El joven, de 26 años, mediocampista del Linares Deportivo, perdió la vida de una manera tan difícil de entender como de poder explicar. Apuraba su última semana de vacaciones en un hotel de Torremolinos antes de comenzar la pretemporada. Su objetivo era no descuidar su forma física por lo que se apuntó al gimnasio de dicho complejo cuando el infortunio quiso que le cayera una pesa en el muslo. A posteriori, sintió molestias a las que les restó importancia. Durante la semana, al no remitir acudió dos veces a dos centros de salud que le recetaron antiinflamatorios. Éstas fueron en aumento y al encontrarse cada vez peor decidió volver a Linares, le visitaron en el Hospital San Agustín y regresaría a las pocas horas al no remitir los fuertes dolores. Se le diagnosticó una rabdomiolisis, provocada por la rotura del músculo al caerle la pesa.

A las 11:30 horas del mismo viernes, el Linares Deportivo informaba de la gravedad en el estado de salud de Carles por un “fallo multiorgánico”. Fue operado de urgencia pero nada se pudo hacer por salvar su vida. Sobre las 14 horas, el club volvía a emitir un comunicado para esta vez, anunciar el trágico desenlace. A falta de los resultados de la autopsia, todo indica que la rotura muscular derivó en una rabdomiolisis, enfermedad producida por una necrosis muscular, que conlleva la liberación de los contenidos de las fibras musculares en el torrente sanguíneo que dañan el riñón y pueden acabar en un fallo renal.

Carles jugaba en el Linares desde su fundación, en 2008, equipo de Segunda B y entrenaba a las categorías inferiores.
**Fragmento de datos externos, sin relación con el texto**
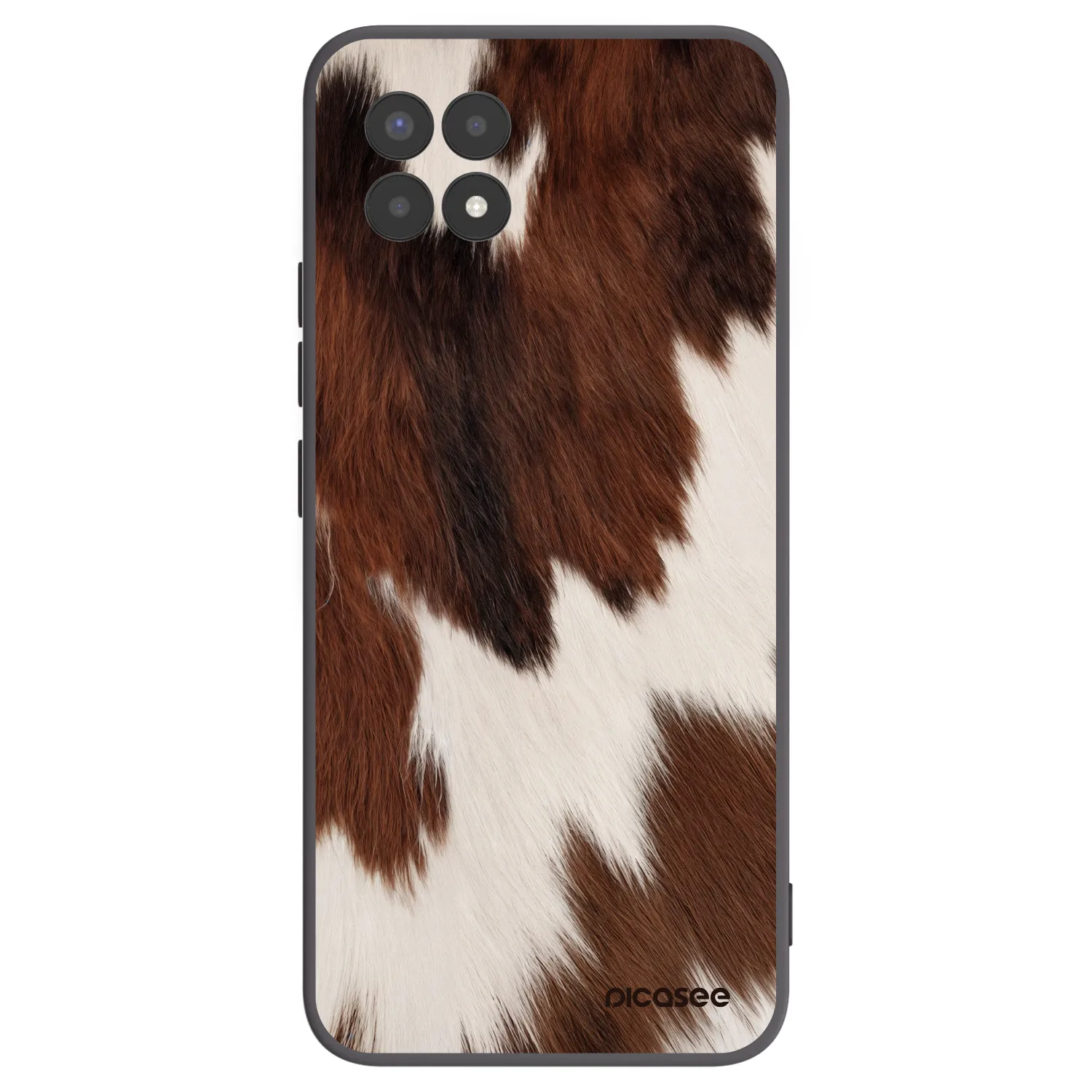 Picasee Realme 8i Hülle - Schwarzes Silikon - Rustica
Ésta iba a ser su octava temporada y el capitán era todo un referente, no sólo sobre el terreno de juego donde destacaba por su técnica, olfato goleador, facilidad en la creación del juego y sacrificio sino que lo hacía mucho más fuera de él, por ser una gran persona como en esta emotiva carta le recordaba su compañero Chico: “Eras la alegría del vestuario, el dj del equipo, estabas predispuesto a todo y como me decías “sí Pérez, yo lo hago”, “sí Pérez, lo comento”. Para todo tenías un sí, ninguna mala cara. En la cantera has sido pieza fundamental, pero estate tranquilo que les seguiremos inculcando los valores que tú transmitías como gran educador, espíritu competitivo y amor por unos colores (…) Estarás preocupado por cómo explicar a tus niños de la cantera tu pérdida, tranquilo que Javi y yo se lo explicaremos. Les diremos que te has ido al cielo de educador-monitor y que cuando estén tristes, miren al cielo y seguro les sacarás una sonrisa. Serás la estrella más brillante del cielo. Hasta siempre, maceta. Hasta siempre capitán”.

El pasado sábado, el estadio municipal Los Linarejos, lugar que vivió grandes momentos como su gol en mayo de 2015 en la ida de la eliminatoria ante el Castellón que encarrilaba el ansiado ascenso a Segunda B, se llenó con más de 4000 personas que desafiaron las extremas temperaturas del verano para arropar a la familia, plantilla y rendir su emotivo, sentido y sincero homenaje a su siempre capitán, como rezaba una pancarta “eterno capitán minero”. El día más triste en Los Linarejos,  lleno de silencio que sólo se vio roto por los aplausos de una afición que para él “se lo merece todo. Es increíble la manera de animar”. Ellos no le olvidarán nunca.

Jesus Medina, presidente del club expresaba el sentir de todo Linares: “aún no me creo que se haya ido. Sigo en estado de shock como todos los aficionados y la propia ciudad. Fran Carles representaba como nadie el sentimiento azulillo. Su muerte debe servir como acicate para sus compañeros y la afición. Estoy seguro que nos dará fuerzas en cada partido”.

Fran carles Linares Deportivo

Mientras el ayuntamiento de la localidad estudia cuál sería el mejor homenaje, el Sevilla se ha ofrecido para disputar un amistoso y que la recaudación íntegra vaya a la familia del futbolista.

Carles, que de pequeño acudía a ver jugar a su padre, Ignacio Pardo “Carles”, otro mito del Linares, recordado por una zurda prodigiosa y por dar el máximo durante los 90 minutos, se reunirá ahora con él. Juntos, desde donde quiera que estén serán en cada partido los jugadores número 12 y 13 de los azules, con el fin de ayudar a sus compañeros a seguir regalando a la afición grandes tardes de futbol y llevar al Linares lo más arriba posible. El número que lucía en la espalda, el 8, símbolo del infinito, como la huella que deja en los aficionados y en especial en Linares.